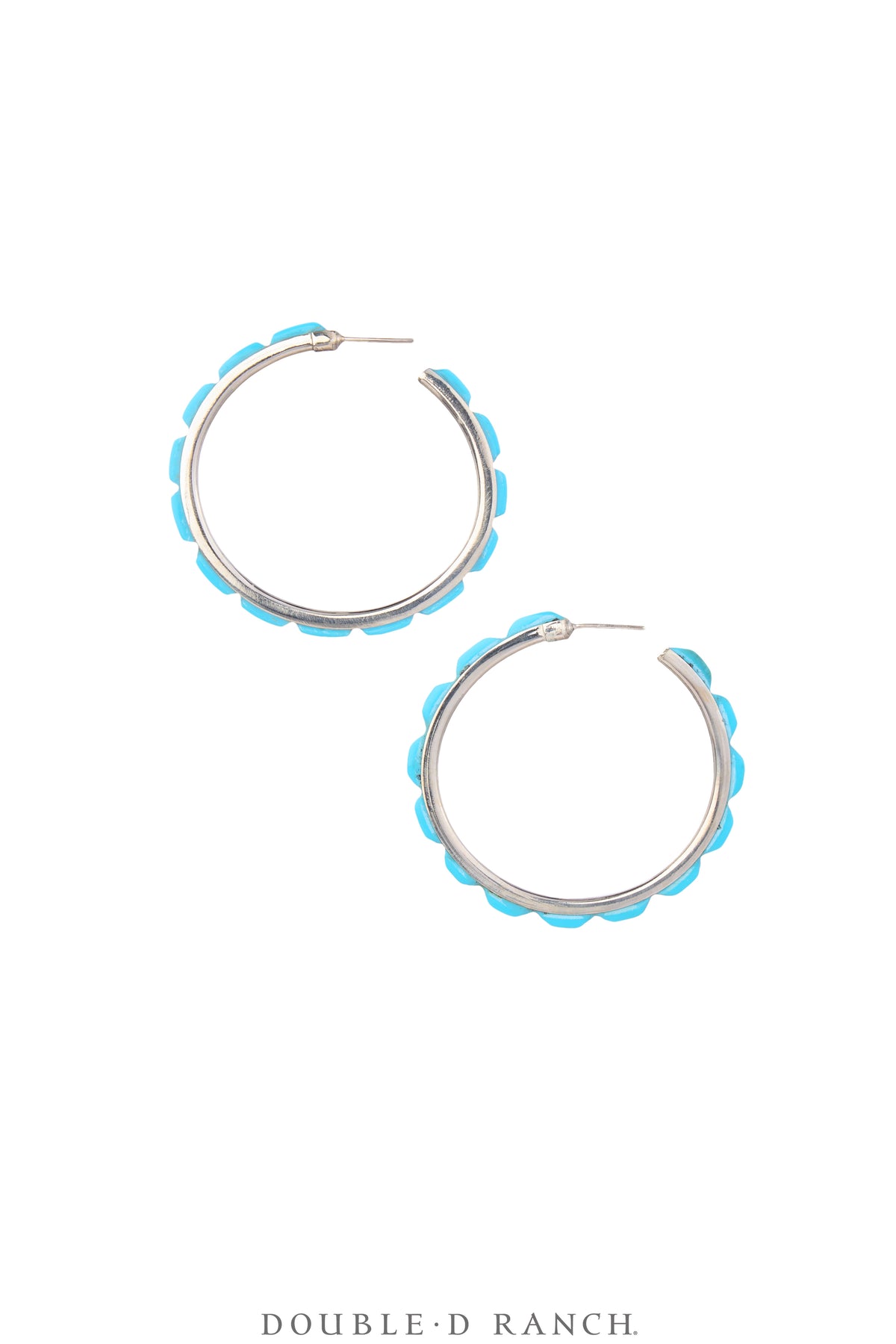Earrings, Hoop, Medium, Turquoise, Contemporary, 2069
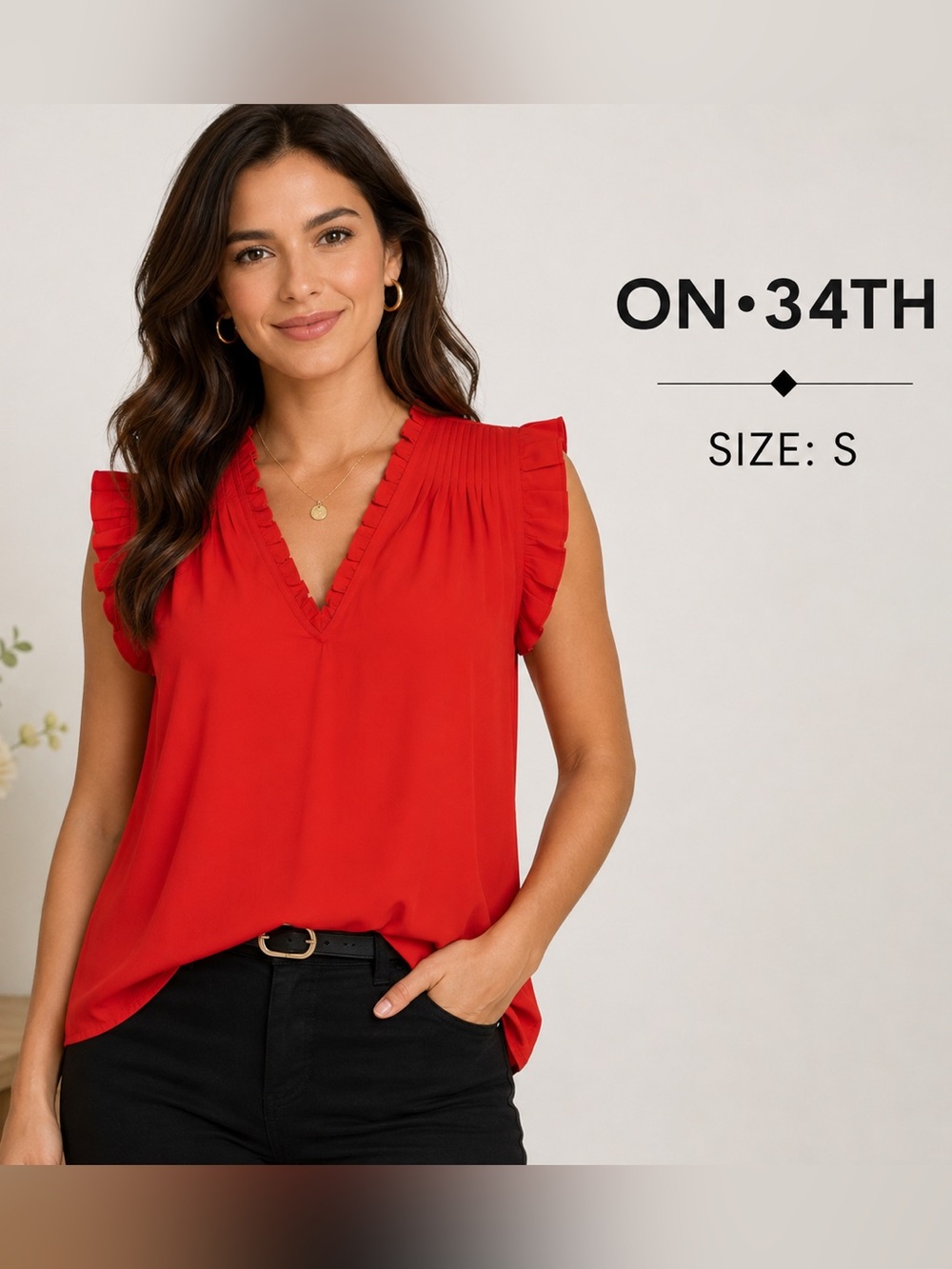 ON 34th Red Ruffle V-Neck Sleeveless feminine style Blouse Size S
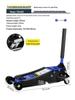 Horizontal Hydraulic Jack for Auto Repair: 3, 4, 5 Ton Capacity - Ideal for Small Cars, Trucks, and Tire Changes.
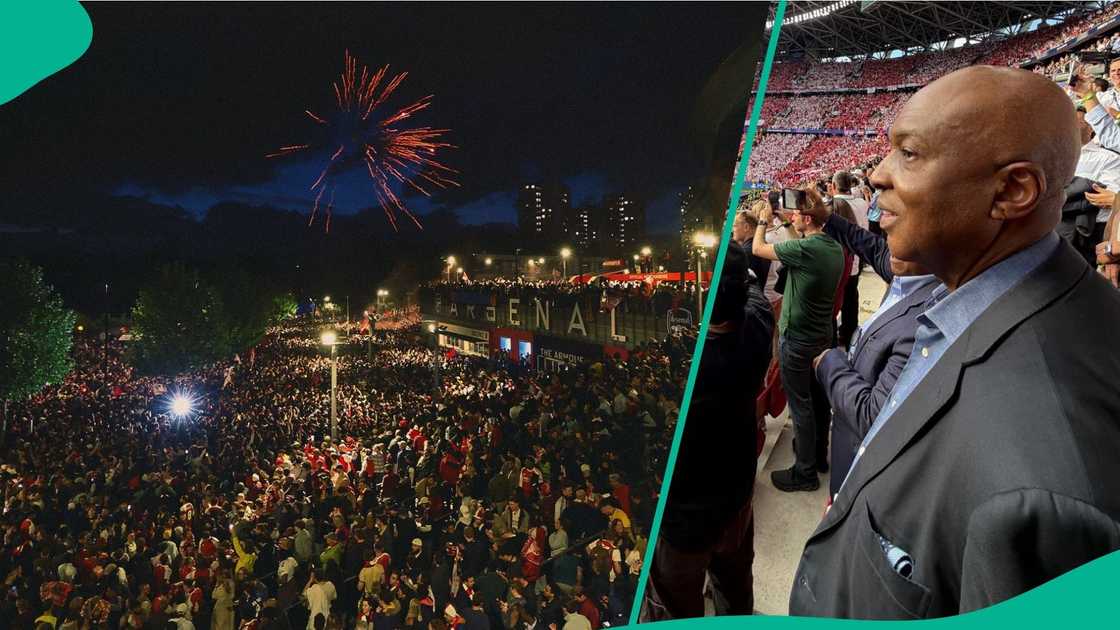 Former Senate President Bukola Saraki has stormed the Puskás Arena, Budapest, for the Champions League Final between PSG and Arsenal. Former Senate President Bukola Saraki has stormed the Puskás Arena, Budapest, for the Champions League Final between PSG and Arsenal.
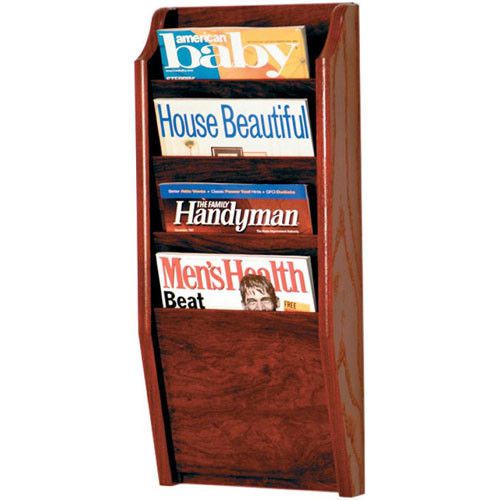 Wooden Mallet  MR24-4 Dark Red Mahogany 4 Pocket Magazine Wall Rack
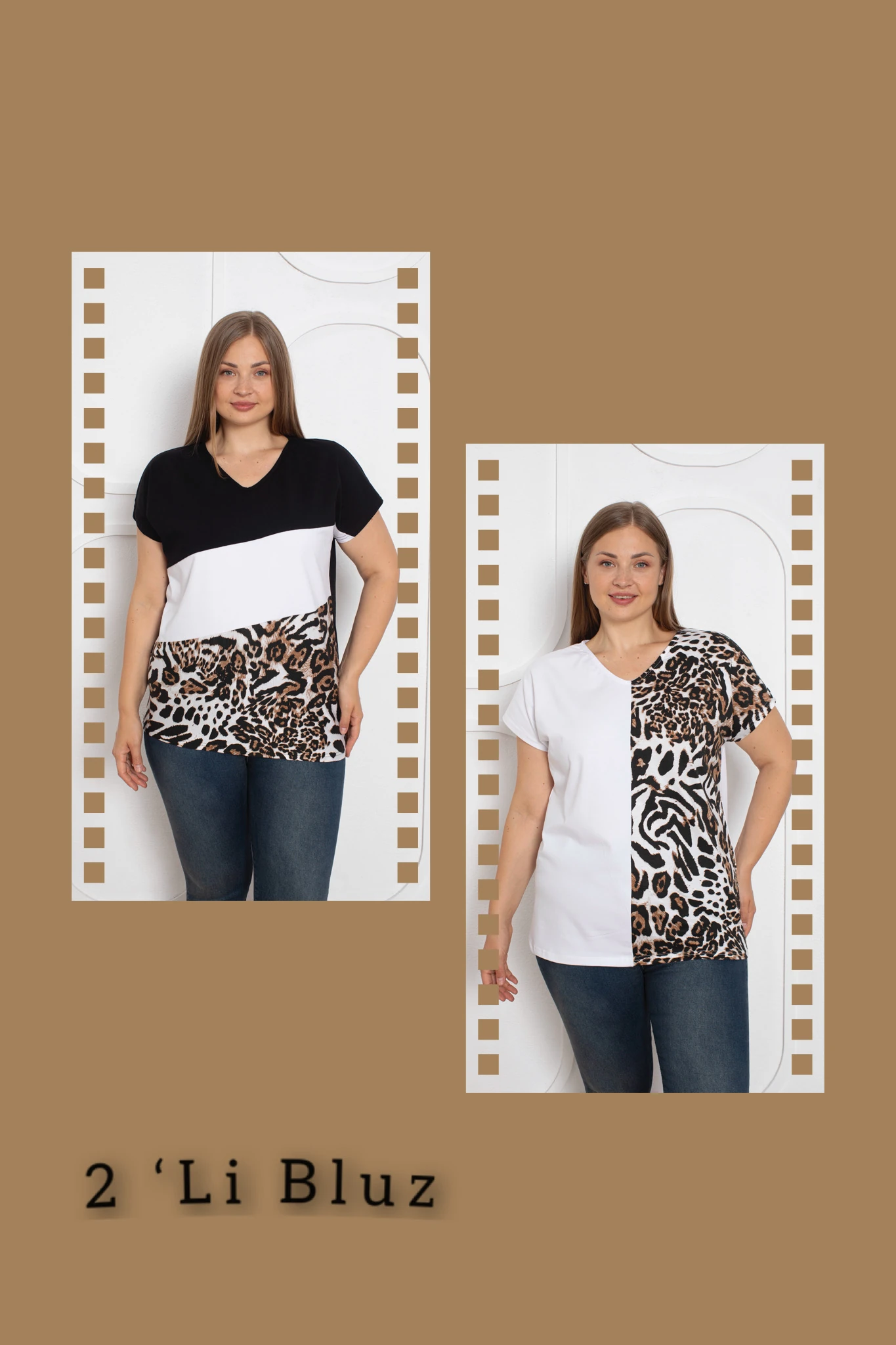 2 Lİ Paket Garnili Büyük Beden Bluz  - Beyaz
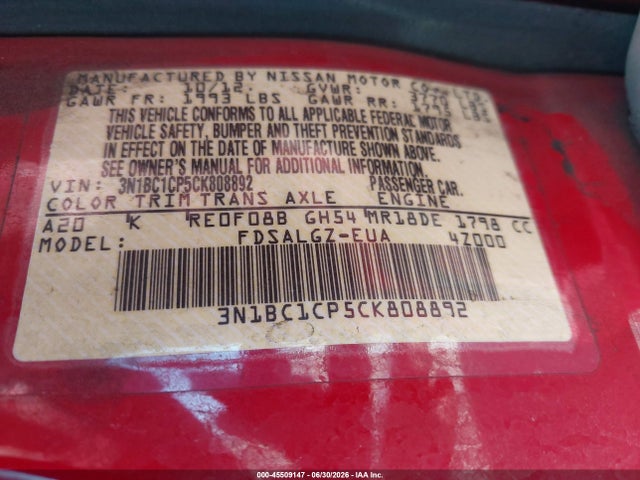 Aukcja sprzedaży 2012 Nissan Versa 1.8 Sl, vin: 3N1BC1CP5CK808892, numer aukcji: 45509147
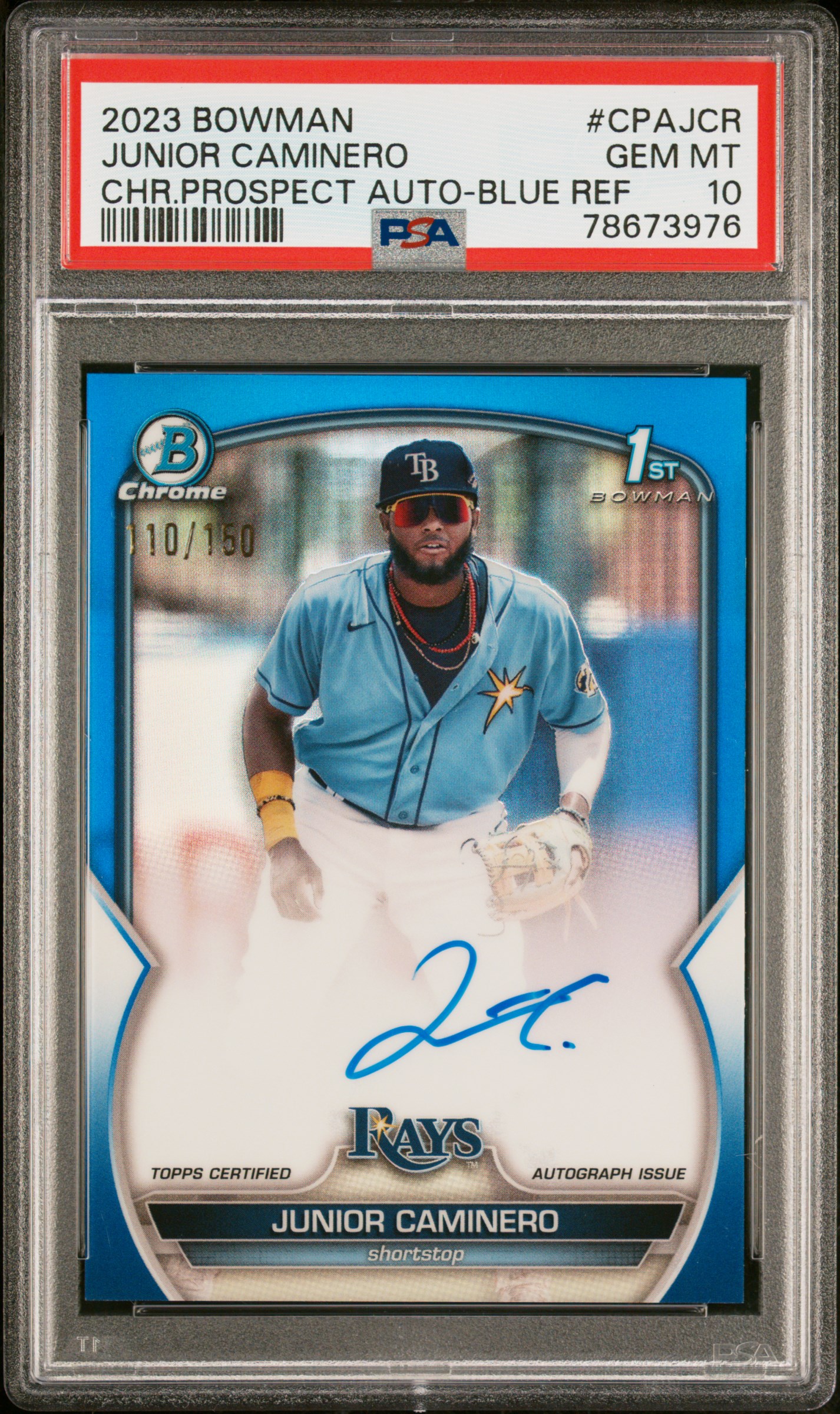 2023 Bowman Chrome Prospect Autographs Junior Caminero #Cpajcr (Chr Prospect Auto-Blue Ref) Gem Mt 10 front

= = = =

» **TASK GOAL**:
When you reach the line with "Horizontal Hydraulic Jack" in the records above, begin repeating the lines exactly, and stop after the line with "Magazine Wall Rack". Skip all pictures.

» **TASK ANSWER**:
 Horizontal Hydraulic Jack for Auto Repair: 3, 4, 5 Ton Capacity - Ideal for Small Cars, Trucks, and Tire Changes.
 Former Senate President Bukola Saraki has stormed the Puskás Arena, Budapest, for the Champions League Final between PSG and Arsenal. Former Senate President Bukola Saraki has stormed the Puskás Arena, Budapest, for the Champions League Final between PSG and Arsenal.
 Wooden Mallet  MR24-4 Dark Red Mahogany 4 Pocket Magazine Wall Rack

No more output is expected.